In mathematics, a sequence is a list of numbers arranged in a specific order, following a certain rule or pattern. These numbers are known as the terms of the sequence. In the context of compound interest, a sequence represents the balance of an account over time, calculated after each compounding period.

For example, in the exercise you're dealing with, a $5000 deposit is compounded quarterly at a rate of 3% per year. The balance in the account after each quarter is calculated using the formula \(A_{n}=5000\left(1+\frac{0.03}{4}\right)^{n}\), where \(n\) represents the number of quarters.

This means the sequence you build will show how the balance grows after each quarter.
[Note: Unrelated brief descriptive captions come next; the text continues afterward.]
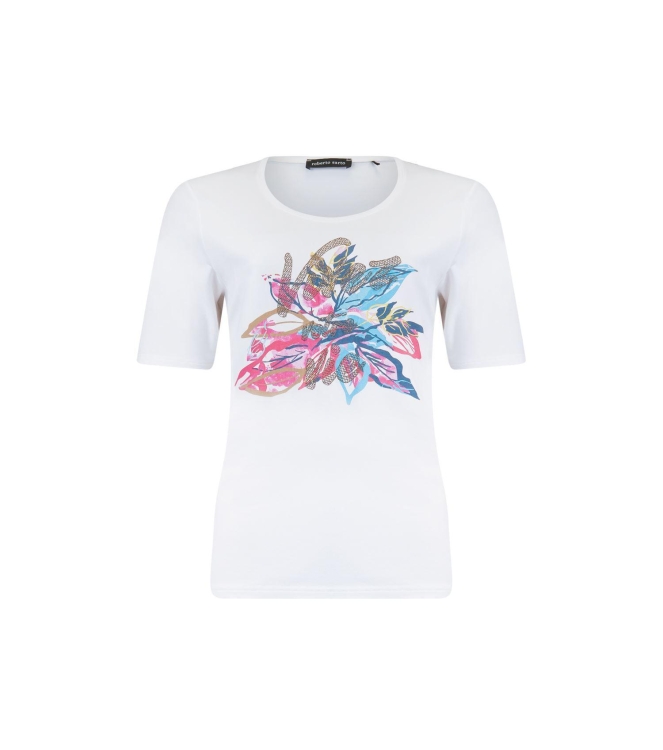 Sarto Fashion T-shirt o-neck m1862 offwhite+sunsetboulevard a/wo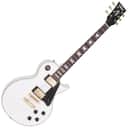 Vintage Reissued Series, Set Neck, V100AW Carved Mahogany Top, HH, Arctic White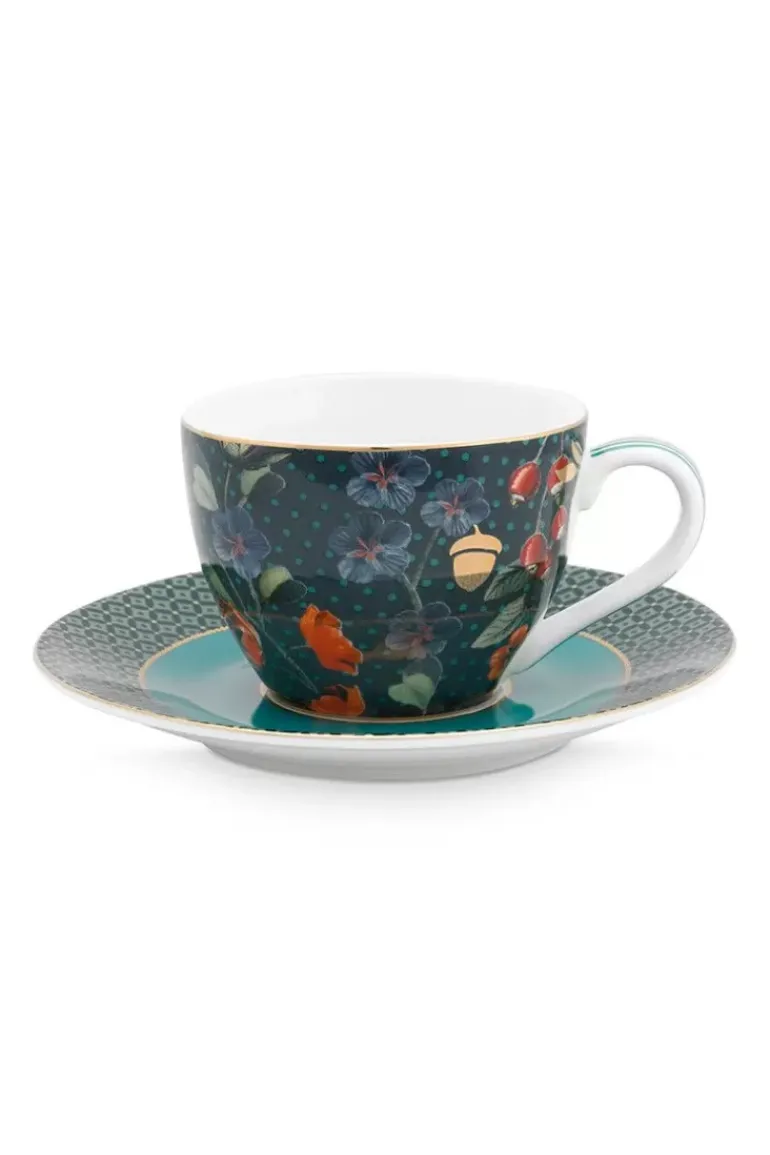 Winter Wonderland Espresso Tasse & Untertasse Dunkelblauw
• The first term is the balance after the first quarter.
• The second term is the balance after the second quarter, and so on.

Each of these terms shows how the interest accumulates over time, and that's what gives this pattern its meaning.

Quarterly compounding is a method of calculating interest where the interest earned is added to the principal balance four times a year, or once every three months. This is a common practice for savings accounts and investments, as it helps money grow more efficiently over time.

In our exercise, the interest rate is 3% annually, but since we're compounding quarterly, each quarter the account earns a quarter of that annual rate. That means each period earns 0.75% interest, which is calculated as \(\frac{0.03}{4}\).

With quarterly compounding, you are adding the interest earned each quarter back into the main balance.

• This helps to increase the base amount for future interest calculations.
• As a result, the interest grows on top of the interest that was earned in previous quarters, illustrating the beauty of compound interest.

This method shows how regular compounding periods can lead to exponential growth in the account balance.

Exponential growth describes a process where the quantity increases at a consistent rate over time, which results in a curve on a graph that gets steeper and steeper. In terms of finance, it occurs when an investment grows at a consistent percentage rate—thanks to the effects of compounding.

The formula \(A_{n}=5000\left(1+\frac{0.03}{4}\right)^{n}\) represents exponential growth. Each quarter, the interest is calculated on the new balance, including any previously earned interest, leading to growth that speeds up over time.

Thus, instead of increasing by a fixed amount, the balance increases by a percentage of the current amount, leading to quick and significant growth. This is why, after 10 years, the balance increases to more than just a simple addition of interest—it reflects the efficiency and power of exponential growth.

• This growth method is particularly advantageous for long-term investments.
• It demonstrates how small regular additions can result in substantial increases over time.

The exponential growth model is what allows investors to benefit from the 'snowball' effect in their investment accounts.